As part of the plan, it will outline what it terms a carbon border adjustment mechanism (CBAM), designed to cut emissions by creating financial incentives for greener production and by discouraging “carbon leakage,” as the transfer of operations to countries with less onerous emission restrictions is known.

The bloc will want to avoid the type of fallout it incurred after a separate environmental move in 2018, when it excluded palm oil from its list of sustainable biofuels and sparked legal challenges from Indonesia and Malaysia at the World Trade Organization.

Before that, an EU attempt to charge foreign airlines for carbon emitted on flights in and out of Europe threatened a trade war after the U.S. aviation industry mustered fierce political opposition and China said it would withhold aircraft orders. The European Union was forced to announce in 2012 it would suspend the law.

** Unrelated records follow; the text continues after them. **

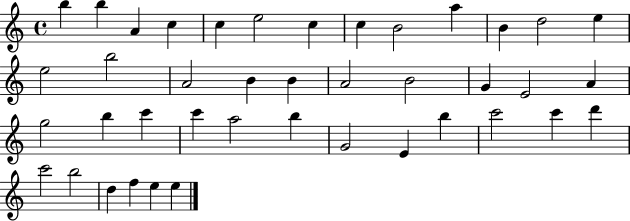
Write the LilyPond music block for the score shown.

{
  \clef treble
  \time 4/4
  \defaultTimeSignature
  \key c \major
  b''4 b''4 a'4 c''4 | c''4 e''2 c''4 | c''4 b'2 a''4 | b'4 d''2 e''4 | \break e''2 b''2 | a'2 b'4 b'4 | a'2 b'2 | g'4 e'2 a'4 | \break g''2 b''4 c'''4 | c'''4 a''2 b''4 | g'2 e'4 b''4 | c'''2 c'''4 d'''4 | \break c'''2 b''2 | d''4 f''4 e''4 e''4 | \bar "|."
} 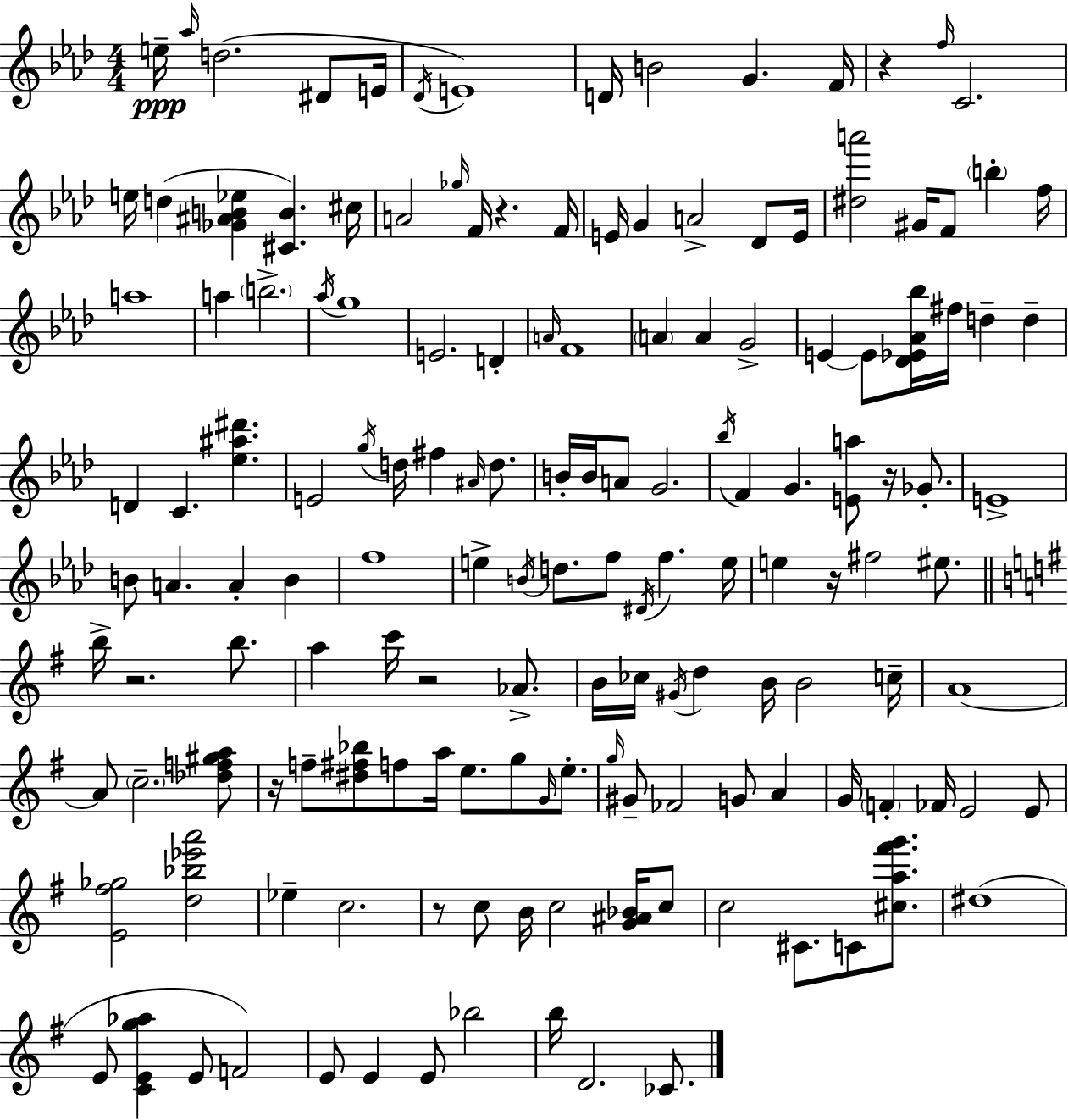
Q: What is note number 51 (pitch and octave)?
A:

Bernd Lange, chair of the European Parliament’s trade committee, said the CBAM could prove the source of trade disputes – notably with the United States, if Brussels does not find an agreement with Washington.

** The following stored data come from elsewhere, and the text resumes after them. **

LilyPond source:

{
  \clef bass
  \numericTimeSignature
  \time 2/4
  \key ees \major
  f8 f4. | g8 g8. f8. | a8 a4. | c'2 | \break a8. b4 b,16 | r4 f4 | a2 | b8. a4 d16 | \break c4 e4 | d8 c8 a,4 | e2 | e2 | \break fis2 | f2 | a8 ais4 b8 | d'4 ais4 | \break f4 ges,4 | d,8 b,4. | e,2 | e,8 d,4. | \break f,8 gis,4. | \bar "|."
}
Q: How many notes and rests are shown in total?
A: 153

“We have to look to an understanding so that this CBAM will not land in a WTO case. This is a big task for the next months,” he told a webinar.

The Commission has said its plan will be WTO-compatible and fair, requiring importers of goods such as steel to buy emissions certificates at the same price as domestic producers.

However, a demand by EU producers that they continue to benefit from free EU carbon market certificates could create problems if imports are not afforded a similar advantage.

A draft of the July 14 proposals shows free permits would end, but manufacturing sectors are expected to lobby hard to retain them.

Benchmark prices on the EU’s emissions trading system (ETS), the largest carbon market in the world, have this month hit records above 58 euros a tonne, partly in response to expectations of the border levy.

While the EU says it and Washington have agreed to discuss the plan, other countries have signalled concerns. Australian Prime Minister Scott Morrison calls any carbon tariffs “trade protectionism by another name”. Russia has said it may break trade rules.

Andre Sapir, a senior fellow at Brussels-based think tank Bruegel who has testified before parliament on the CBAM, says the European Union needs to look beyond mere legality.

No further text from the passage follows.